Task: Keep the pictures out and restate every record exactly.

Dataset entries START

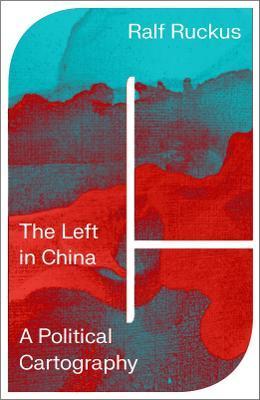 The Left in China: A Political Cartography - Ralf Ruckus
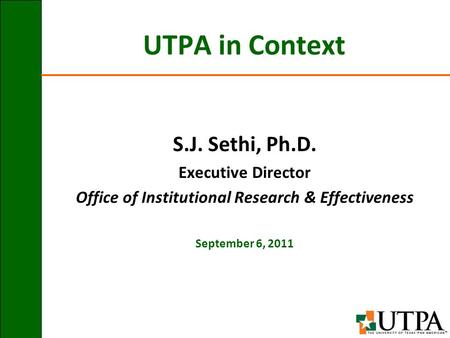 UTPA in Context S.J. Sethi, Ph.D. Executive Director Office of Institutional Research & Effectiveness September 6, 2011.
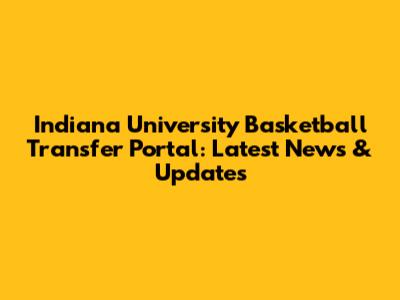 Indiana University Basketball Transfer Portal: Latest News & Updates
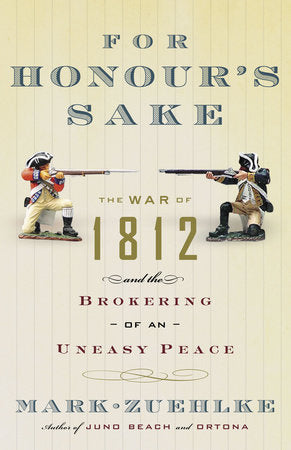 For Honour's Sake Paperback by Mark Zuehlke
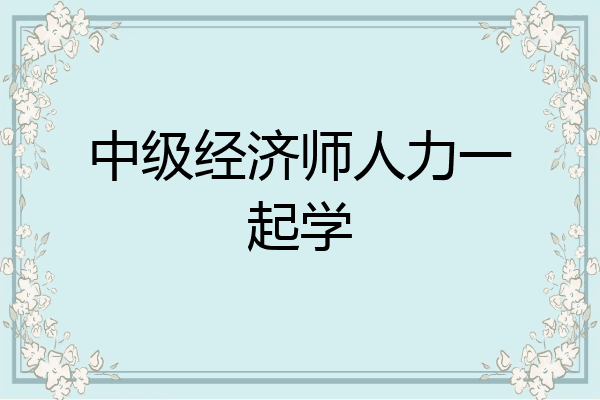 中级经济师人力一起学
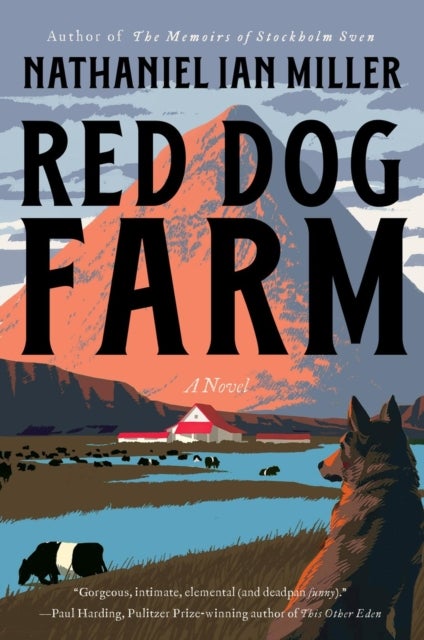 Red Dog Farm - A Novel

Dataset entries END

Answer to this task:
 The Left in China: A Political Cartography - Ralf Ruckus
 UTPA in Context S.J. Sethi, Ph.D. Executive Director Office of Institutional Research & Effectiveness September 6, 2011.
 Indiana University Basketball Transfer Portal: Latest News & Updates
 For Honour's Sake Paperback by Mark Zuehlke
 中级经济师人力一起学
 Red Dog Farm - A Novel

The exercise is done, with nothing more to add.